A look at the early polls and preview mags show Ole Miss to be a consistent top ten pick. The conventional wisdom is that last year's team will improve with an experienced Snead under center and that they are the front-runner in the SEC West race. Admittedly, a lot of this has to do with their schedule.
I want to go on record here with this prediction (and you should know how we feel about predictions here ATVS): Ole Miss will not win the West.
I'm not really anti-Ole Miss. I don't dislike their team and I actually think Nutt is a terrific coach. Snead really is a hell of a quarterback who is going to make a lot of money one day. The Grove is a good scene, even if a tad overrated, but whatever. I'm even happy that they are getting preseason hype. It's been a long time since anyone wrote anything about Ole Miss, so it's nice that their fans get to puff out their chests a bit for once. Hey, enjoy the hype.
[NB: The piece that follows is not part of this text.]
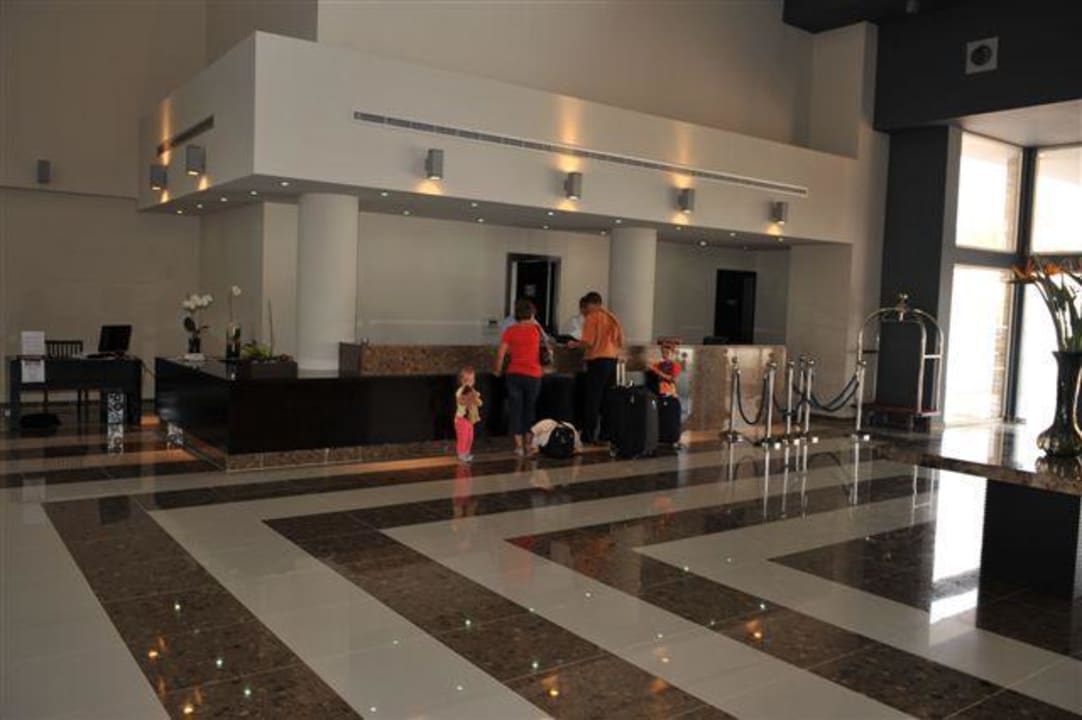 Reception Hotel Capital Coast Resort & Spa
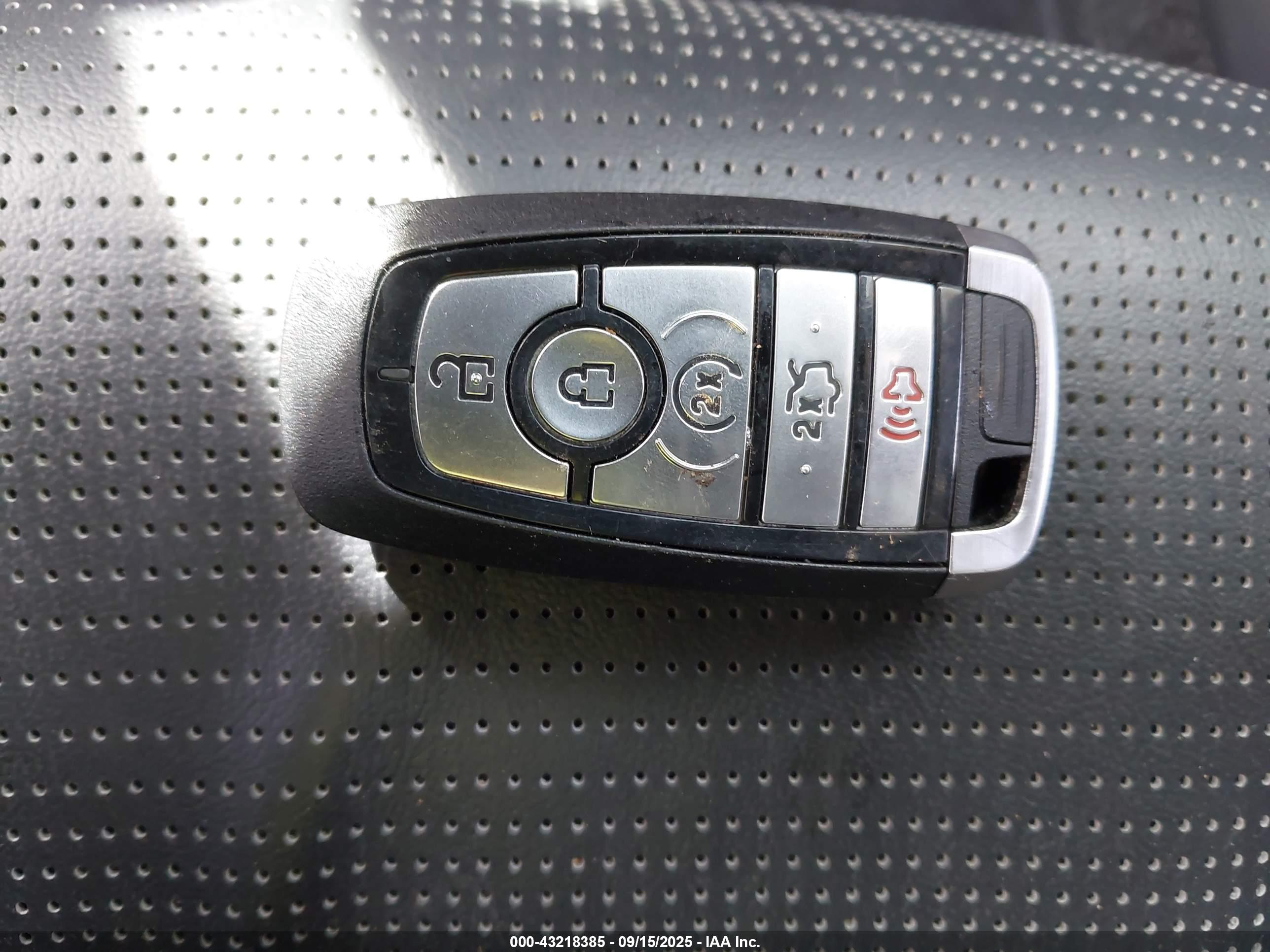 FORD MUSTANG image 11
Just know, it's probably not going to end the way y'all think. Here's the rundown on why I think Ole Miss is not going to win the West.
Hey, last year wasn't that great.
Ole Miss went 9-4 (5-3) last year. That's a good year, but it's not superlative. They improved as the year went on, winning their last six games including a convincing Cotton Bowl win over Texas Tech. But they did lose to Vanderbilt and South Carolina. They weren't a top ten team last season. They won five games in a down year for the SEC which is nice, but no one's gonna write a song about that.
Let's also not forget that in 2007, Ole Miss went 0-8 in the SEC. Oh for eight. That 5-3 conference record was a massive improvement as the team enjoyed having a decent coach on the sideline. Now, it is time to introduce all of you to Bill James' "plexiglass principle" which essentially states that a team that has a sudden improvement is likely to slide back the next season. It's really a simpler way of saying "regression to the mean".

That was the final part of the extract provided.